One of the most photographed swimming pools in the world is the Bondi Icebergs pool, which is also home to one of Australia’s most famous Winter Swimming Clubs of the same name. It’s breathtakingly beautiful and, depending on the time of year you’re swimming, sometimes takes your breath away when you dive in too. But you will always leave the pool feeling exhilarated and ready to return.
About Bondi Icebergs Pool
The water in the Icebergs pool is mostly a brilliant shade of aqua thanks in part to the pool’s white interior, giving the pool a real Mediterranean vibe, complimented by the varying blue shades of the ocean running alongside it. The only time the pool doesn’t live up to it’s sparkling reputation is when storms hit, washing seaweed and sand into the pool, but this is always temporary as the pool is cleaned out weekly.

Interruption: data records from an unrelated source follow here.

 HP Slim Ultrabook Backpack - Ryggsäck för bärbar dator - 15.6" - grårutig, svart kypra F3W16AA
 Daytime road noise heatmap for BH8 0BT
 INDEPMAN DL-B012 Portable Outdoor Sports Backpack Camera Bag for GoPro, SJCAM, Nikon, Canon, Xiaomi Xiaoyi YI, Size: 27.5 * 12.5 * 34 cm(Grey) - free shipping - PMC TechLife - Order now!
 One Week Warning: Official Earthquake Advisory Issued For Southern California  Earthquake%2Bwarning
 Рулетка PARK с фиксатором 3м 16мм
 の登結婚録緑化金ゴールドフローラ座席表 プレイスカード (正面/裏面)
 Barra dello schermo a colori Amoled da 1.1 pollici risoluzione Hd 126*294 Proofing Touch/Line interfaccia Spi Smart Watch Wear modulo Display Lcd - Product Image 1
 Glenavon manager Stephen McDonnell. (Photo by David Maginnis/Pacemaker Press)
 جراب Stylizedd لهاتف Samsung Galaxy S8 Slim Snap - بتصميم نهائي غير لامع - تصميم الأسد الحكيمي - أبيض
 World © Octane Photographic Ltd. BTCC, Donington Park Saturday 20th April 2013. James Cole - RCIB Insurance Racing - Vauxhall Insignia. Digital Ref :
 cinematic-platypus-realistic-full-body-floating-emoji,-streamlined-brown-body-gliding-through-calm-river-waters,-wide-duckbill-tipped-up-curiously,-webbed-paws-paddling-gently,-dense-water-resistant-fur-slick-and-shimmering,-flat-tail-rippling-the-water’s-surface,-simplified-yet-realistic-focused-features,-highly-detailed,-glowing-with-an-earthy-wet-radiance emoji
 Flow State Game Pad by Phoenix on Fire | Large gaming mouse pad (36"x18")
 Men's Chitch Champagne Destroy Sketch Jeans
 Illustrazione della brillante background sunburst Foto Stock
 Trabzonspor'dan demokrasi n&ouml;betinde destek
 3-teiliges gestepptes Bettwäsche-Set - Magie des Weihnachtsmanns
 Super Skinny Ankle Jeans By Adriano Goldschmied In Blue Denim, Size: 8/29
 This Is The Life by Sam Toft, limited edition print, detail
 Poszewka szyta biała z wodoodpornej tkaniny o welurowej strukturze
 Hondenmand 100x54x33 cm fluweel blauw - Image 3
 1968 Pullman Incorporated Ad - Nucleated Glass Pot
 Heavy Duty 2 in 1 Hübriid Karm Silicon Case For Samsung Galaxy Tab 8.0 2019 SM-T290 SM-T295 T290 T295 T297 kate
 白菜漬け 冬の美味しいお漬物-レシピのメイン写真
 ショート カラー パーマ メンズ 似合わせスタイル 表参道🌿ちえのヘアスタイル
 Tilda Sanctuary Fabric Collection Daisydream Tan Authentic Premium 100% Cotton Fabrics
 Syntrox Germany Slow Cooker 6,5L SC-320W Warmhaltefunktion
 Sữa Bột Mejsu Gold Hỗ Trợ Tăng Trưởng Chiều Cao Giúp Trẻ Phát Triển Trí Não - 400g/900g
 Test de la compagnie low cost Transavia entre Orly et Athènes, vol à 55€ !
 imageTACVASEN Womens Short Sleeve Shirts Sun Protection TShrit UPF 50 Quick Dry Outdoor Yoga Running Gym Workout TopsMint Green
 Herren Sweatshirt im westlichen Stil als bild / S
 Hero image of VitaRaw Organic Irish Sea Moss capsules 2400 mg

Built on the rocks at the south end of Sydney’s Bondi Beach, the pool is filled with ocean water, which is drained out completely once each week so the pool can be scrubbed clean each Thursday. Check the swimming pool camera to make sure the pool has reopened on a Thursday before you head down.
Consisting of a 50-metre lap pool and a 25-metre kids swimming pool, the temperature of both pools is basically determined by the temperature of the ocean surrounding it. This can range from an average high of 22-25°C (72 to 77°F) in mid-summer to lows around 16 to 20°C (61 to 68°F) in mid-winter (which in Australia is the month of July). You can check the daily temperature of the ocean here to help indicate what the temperature of the pool will be.
Winter Swimming Tips
My best tip to surviving a swim when the water is at its coldest? Jump or dive in the deep end and start swimming immediately. You’ll need to keep moving to maintain any body warmth. A swim cap is recommended as it prevents some heat loss from your head, similarly if you feel the cold a partial or full wetsuit is a wise investment.
It’s always good to know that if you find your toes and fingers tingling from a bit too long in the cold water you can always head up to the sauna to defrost. Entry to the sauna is included in the entry price to the pool.
Post Swim Breakfast, Lunch and Dinner
There is a small outdoor café – The Crabbe Hole – overlooking the pool near the change rooms. You can grab breakfast or lunch here, with tasty toasted sandwiches, salad and tea/coffee on offer to help you warm up and refuel.. All while still wrapped in your towel if you prefer.
The Bondi Icebergs Club is also on the middle level of the building above the pool, which offers casual bistro style dining from 11am, along with amazing views.
Some swimmers prefer to go from one extreme to the other, using the newly upgraded change rooms at Icebergs to shower & change into something more formal than their swimmers before heading right to the top of the Icebergs building to the legendary Icebergs Dining Room & Bar which is famous for it’s delicious long lunches, top service, world class cocktails.
Tides Are Important Too
Depending on the time of day you swim, and the tides, sometimes the ocean waves will come gently rolling over the north end of the pool or when conditions are more extreme you will find waves crashing over the entire sea wall.
When conditions get too extreme the pool is either partially roped off or closed completely for swimmers safety. For while the gentle waves will give you a sense of swimming in the open sea, while more powerful waves can send you flying across the pool lanes and can cause collisions between swimmers being flung around like loose socks in the washing machine (which is why the staff are quick to shut down of the pool when there is the combination of high or king tides and massive swells).
If you want to time it so you’re at the pool during low tide to avoid the ‘washing machine’ effect completely check Willy Weather for accurate tide chart pre-swim as well as looking at the pool’s cameras (link above).
Icebergs Swimming Club
Like the idea of joining the Bondi Icebergs Swimming Club? You’ll have to be committed to repeatedly jumping in the pool no matter what the air or water temperature is. For to become an official member of the Icebergs Club – as per the original rules set back in 1929 – you must compete throughout Sydney’s coolest months of the year: May to September in the weekly Sunday races.
It’s essential to turn up for three Sunday’s out of each four swim meets over a period of five years – that means competing in 75 swims over a minimum of five years. Is about more about participation than speed and they have races for swimmers of all levels and ages. But if that all sounds like too much you can simply visit the pool as a casual visitor!
For those who love the idea of being way out in the ocean amongst the surfers, ocean swimmers and even the dolphins and whales that swim past regularly, but feel a bit nervous about the open seas, swimming at Bondi Icebergs swimming pool really is the next best thing.